/sequenchr

R package for EDA and unsupervised learning of categorical sequence data

Primary LanguageROtherNOASSERTION

sequenchr

R-CMD-check

Sequence analysis tool for applied researchers. Designed for faster analysis iterations or for whom just prefer an interactive interface. Supplements the powerful TraMineR package.

Installation

You can install the latest version of sequenchr via:

# install.packages("devtools")
devtools::install_github("joemarlo/sequenchr")

Example

library(TraMineR)
library(sequenchr)

# load data and convert to a sequence object
data(mvad)
seqstatl(mvad[, 17:86])
mvad.alphabet <- c("employment", "FE", "HE", "joblessness", "school",
                   "training")
mvad.labels <- c("employment", "further education", "higher education",
                 "joblessness", "school", "training")
mvad.scodes <- c("EM", "FE", "HE", "JL", "SC", "TR")
mvad.seq <- seqdef(mvad, 17:86, alphabet = mvad.alphabet, states = mvad.scodes,
                   labels = mvad.labels, xtstep = 6)

# launch the sequenchr app
launch_sequenchr(mvad.seq)


### Or use the plotting functions directly ....

# tidy the data
seq_def_tidy <- tidy_sequence_data(mvad.seq)

# plot the sequence index
plot_sequence_index(seq_def_tidy)

# cluster the data
dist_matrix <- TraMineR::seqdist(seqdata = mvad.seq, method = "DHD")
cluster_model <- hclust(d = as.dist(dist_matrix), method = 'ward.D2')
cluster_labels <- label_clusters(cluster_model, k = 5)

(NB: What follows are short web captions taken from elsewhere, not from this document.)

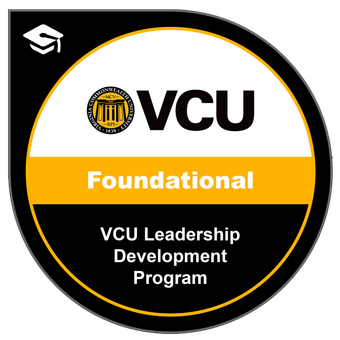 VCUL Badge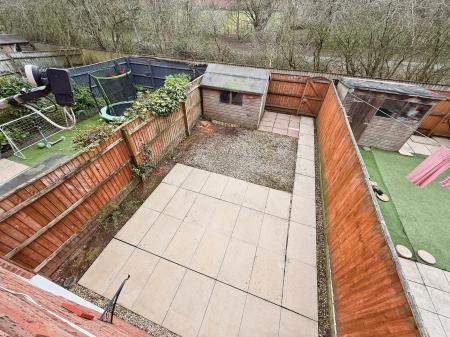 3 bedroom Terraced House for sale in Gatcombe Way, Priorslee, Telford, TF2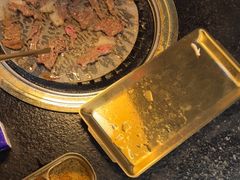 -熊大·鲜烤黄牛肉(五山店)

# plot the sequence index by cluster
plot_sequence_index(seq_def_tidy, cluster_labels = cluster_labels)

# customize your plots via standard ggplot functions
library(ggplot2)
theme_set(theme_minimal())
plot_sequence_index(seq_def_tidy, cluster_labels = cluster_labels) +
  scale_x_continuous(breaks = seq(0, 70, by = 5)) +
  labs(title = 'My seqI plot',
       subtitle = 'A helpful subtitle',
       x = 'Month',
       fill = 'States',
       caption = 'Data from McVicar and Anyadike-Danes') +
  theme(legend.position = 'bottom')

See the vignette for more information:

devtools::install_github("joemarlo/sequenchr", build_vignettes = TRUE)
vignette('sequenchr')

Development to-do

  • Review function examples, argument description, and function description
  • Replace fpc with custom function?
  • Improve the covariates plotting
  • Add loading modals
  • How to handle data with missing values
  • Plots crash when color palette needs to be >11 values